I wish ANY sailor who has a dream of sailing to far off places good luck and stand ready to provide advice about the things I know or keep my mouth shut otherwise. I just didn't like the attitude that came across on the first post.


----------



## TSOJOURNER (Dec 16, 1999)

*"Above all else, to thine own self be true"*

Nothing gets me more excited in this world than sailing.
Nothing.

With the experience that I do have, good and bad, offshore and coastal, its all part of the parcel. No regrets. 
With that said, at the end of the day all that matters is that you follow your dreams. And you are.

I personally like the "Thoreau" approach to matters - simply do it now with what you have available. There is nothing to worry about!!! Things always have a way of making out if you are a good person. And they do.

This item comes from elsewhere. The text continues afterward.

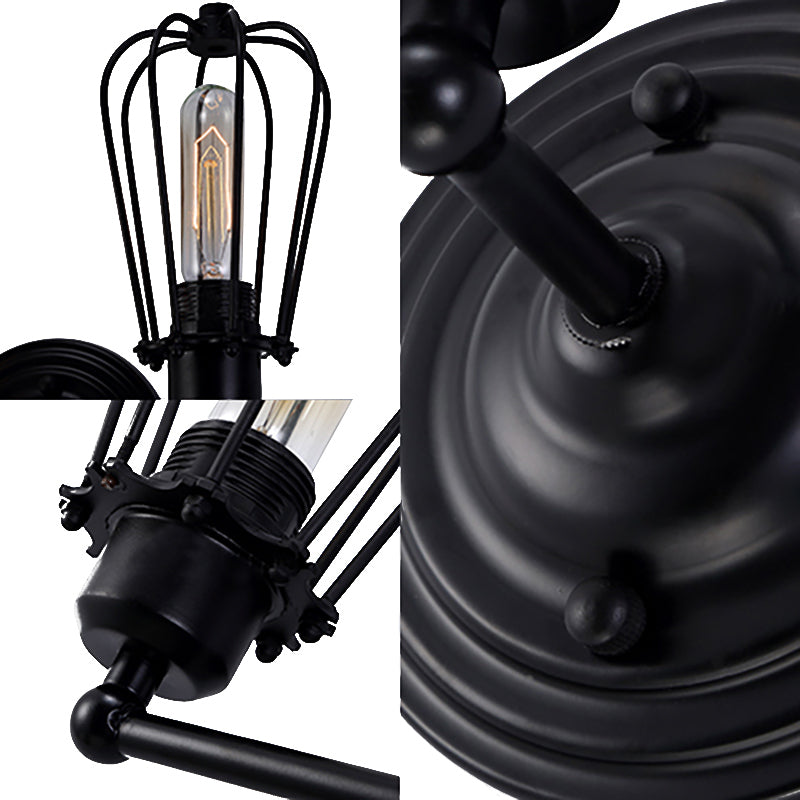 Avtoit | 1 Head Wall Scone Light with Bulb Cage Shade Metal Industrial Rustic Hallway Wall Lighting in Black, 2 Packs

I have a tiny folkboat, akin to the contessa 26, and have done considerable travels on the west coast with that thing. It was the first boat I ever bought many years ago and the only one I actually went to see in person. While I could afford a larger supposedly "better" boat now, this little gem keeps proving herself over and over again. I keep my coin for more important things, like good food and drink. It just grows on you, thats all. It is such a simple little boat and you always feel safe in it, even in the nasties. The point is just this: I am following my dreams with what I can and I love it!! Working on a boat can be just as much fun as sailing it, regardless of what people say. Its all part of the experience.

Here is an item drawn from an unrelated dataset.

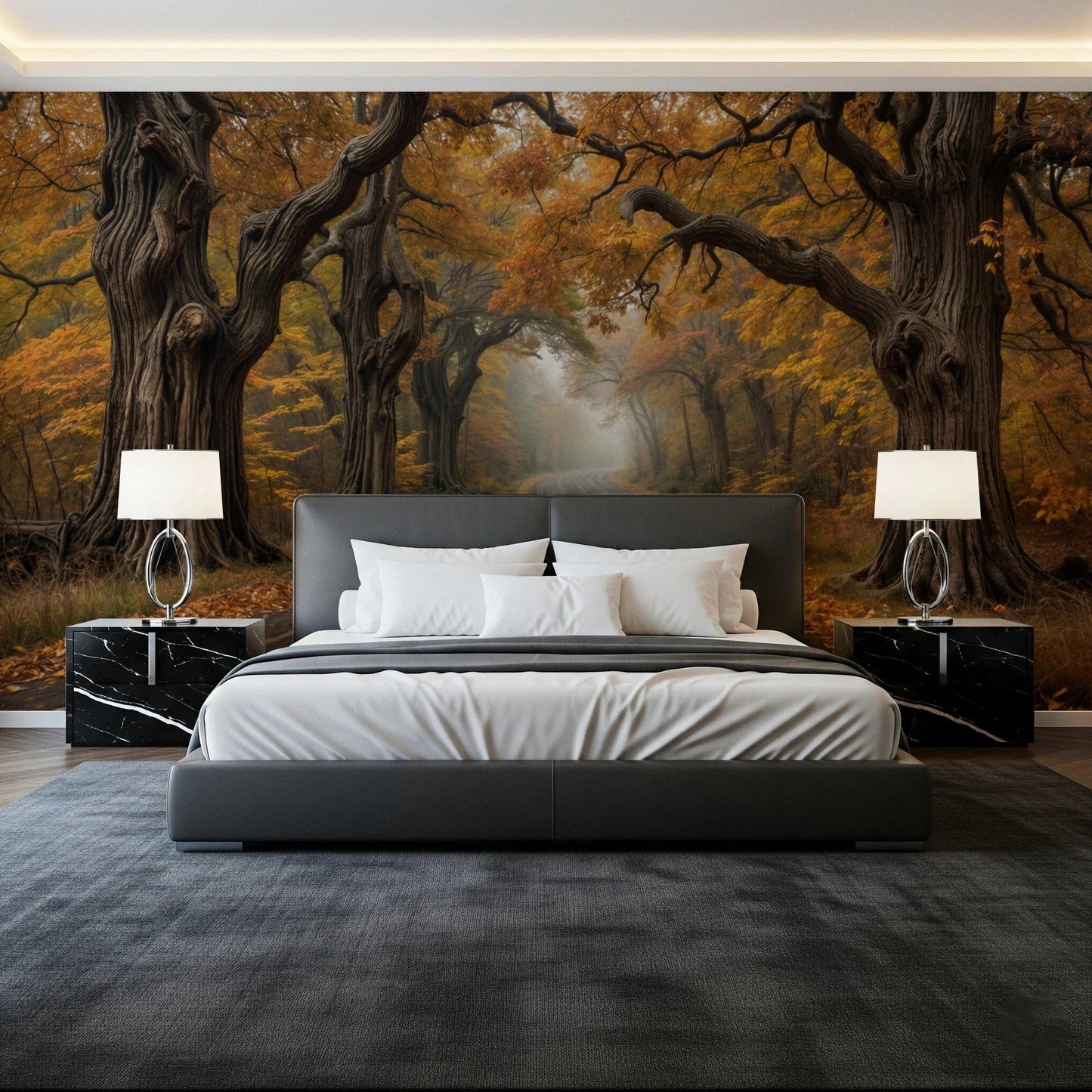 Autumn Road Canopy Wall Mural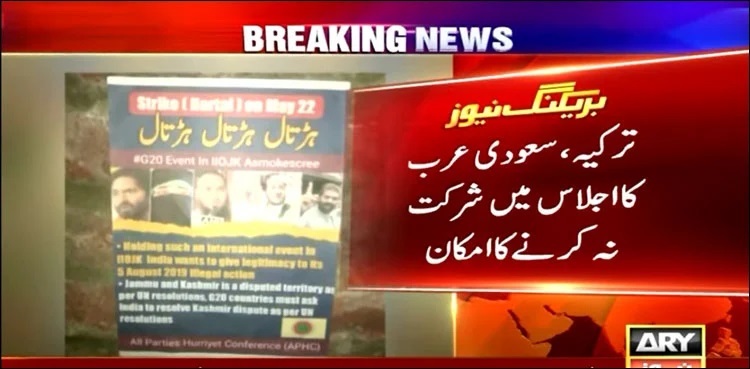 Turkiye, Egypt to skip G20 summit in Indian occupied Kashmir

You have entered a different world that few landfolk seem to even know about. The beauty of sailing is that you can never ever truly learn all there is to know about it....there is always something new to learn. Always.

Good on ya for chasing the dream!

Good on ya for just doing it!

This is not a contest, as some people seem to think. This is not about the perfect ride. EVERY SAILBOAT IS OR HAS A COMPROMISE IN SOME WAY. Some just have more or less than others. THERE IS NO PERFECT SAILBOAT.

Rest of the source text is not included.